Stored data entries:

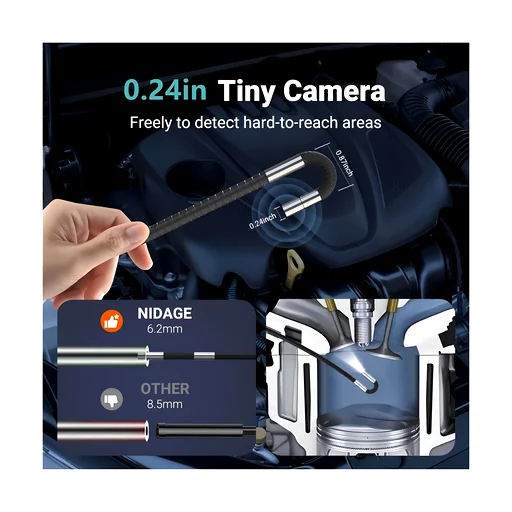 Hand holding a flexible 0.24-inch borescope probe for inspecting hard-to-reach mechanical parts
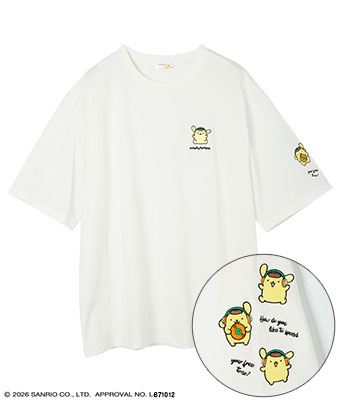 【サンリオキャラクターズ】（ポムポムプリン）袖刺繍Ｔシャツ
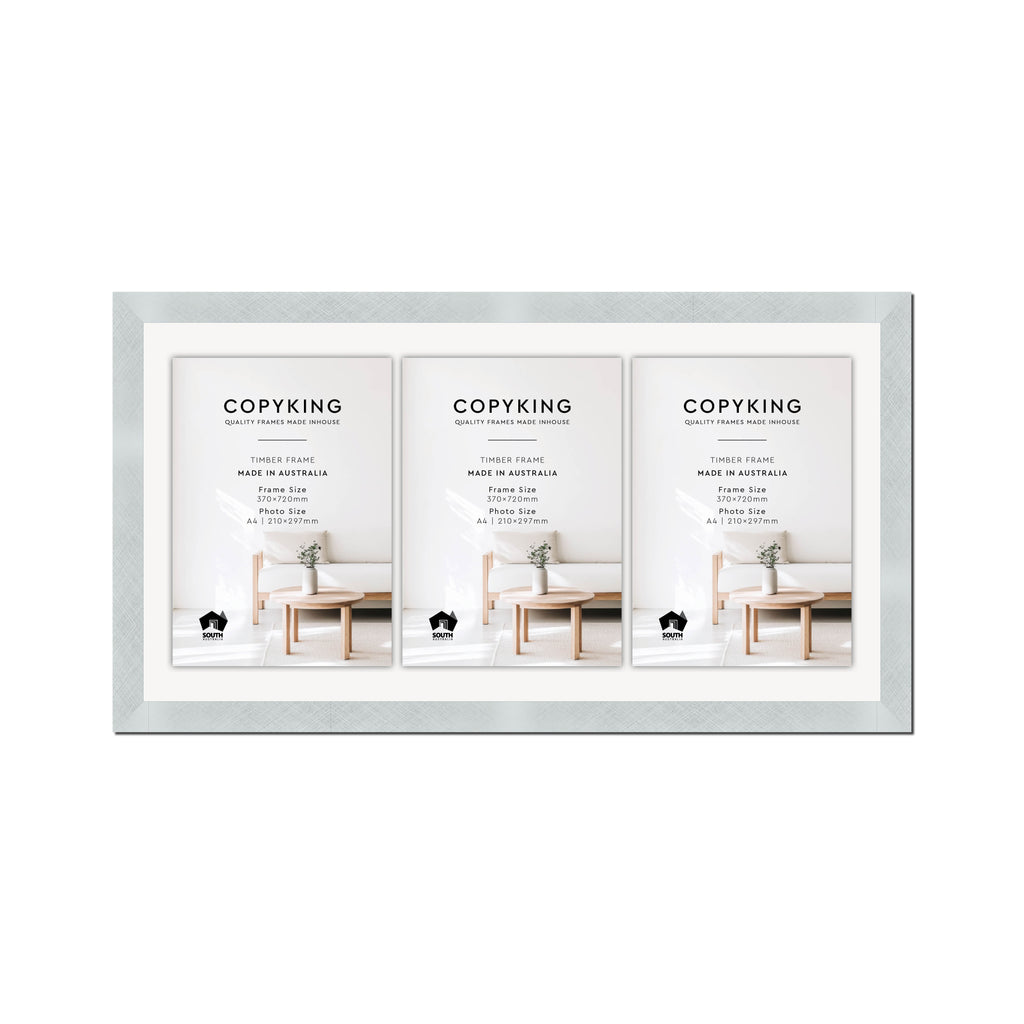 Silver Crosshatch 30mm Wood Certificate Frame - 370mm x 720mm - 3 Certificates (A4)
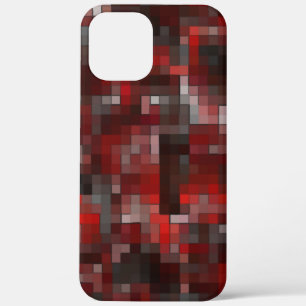 Digital mosaic of squares in red shades and gray iPhone 12 pro max case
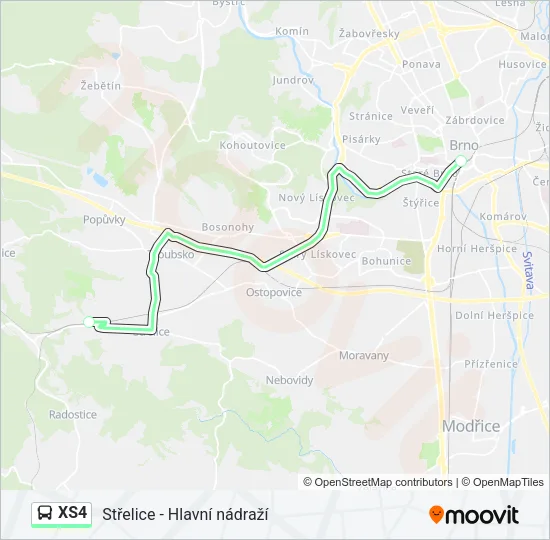 XS4 Bus Line Map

Problem to solve:
Please retype the whole of the data precisely, omitting pictures.

Solution to this exercise:
 Hand holding a flexible 0.24-inch borescope probe for inspecting hard-to-reach mechanical parts
 【サンリオキャラクターズ】（ポムポムプリン）袖刺繍Ｔシャツ
 Silver Crosshatch 30mm Wood Certificate Frame - 370mm x 720mm - 3 Certificates (A4)
 Digital mosaic of squares in red shades and gray iPhone 12 pro max case
 XS4 Bus Line Map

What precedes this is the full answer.